Ca se dégrade entre nous, il pense que je ne fais pas d’effort, voire même que je serai assez content qu’il se plante, ce qui n’était pas vrai du tout. On avait deux tempéraments assez différents. A l’époque, il y avait «The Message» (de GrandMaster Flash) et «Planet Rock» (d’Afrika Bambaataa). Je ne sais plus pourquoi mais Jacques jette son dévolu sur Bambaataa. On avait donc de longues conversations. On allait voir Tom Silverman de Tommy Boy.
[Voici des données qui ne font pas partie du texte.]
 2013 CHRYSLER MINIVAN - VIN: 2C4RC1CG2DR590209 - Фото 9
Finalement, Bambaataa appelle un matin et nous dit que c’est impossible pour lui d’être présent à la date qui avait été calé. J’avais dit, sur un ton un peu détaché à Jacques «tu vois, le mec ne veux pas, je te l’avais dit». Jacques : «Eurgh… tu te fous ma gueule !», etc, et on manque de se battre. (rires) Il se barre et repart à Paris. Je laisse tomber cette idée.
Quelques semaines plus tard, je me dis quand même, c’est con, il faut les faire venir en France. Donc je me mets à en parler à Elisabeth D, une copine journaliste, qui en parle à son tour à Maneval, un personnage assez funky et rigolo qui travaillait à Europe 1 et qu’elle finit par me présenter. Ce mec passait tout le week-end à l’antenne ! (rires)
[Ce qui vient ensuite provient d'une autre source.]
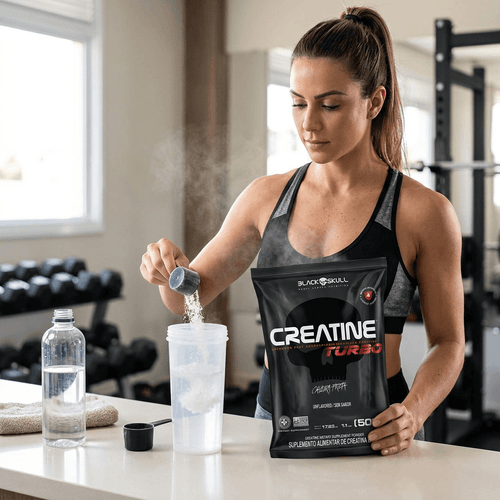Creatina Black Skull Turbo Refil  500g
Je lui vends ma salade, et tac, ça le tente ! Donc il me branche avec un vieux monsieur d’Europe 1, Jean Serge, qui avait un espèce de noeud pap… Je leur dit : «pas de drogue, pas d’alcool» pour les rassurer, ce qui était vrai d’ailleurs. Je leur dis surtout que ce mouvement est une révolution ! Il faut se remettre dans le contexte de l’époque quand même. Parler de rap à Europe 1 en 1982… Remarque, même maintenant, je ne suis pas sur qu’ils seraient emballés ! Ils me disent OK mais qu’il faut faire entrer ce projet de tournée dans le cadre de la promotion d’une sortie de disques que nous devrions enregistré.
A partir de là, je repars à New York, armé de forts sponsors «institutionnels». J’ai de quoi monter le projet, payer et emmener 25 mecs du Bronx en Europe !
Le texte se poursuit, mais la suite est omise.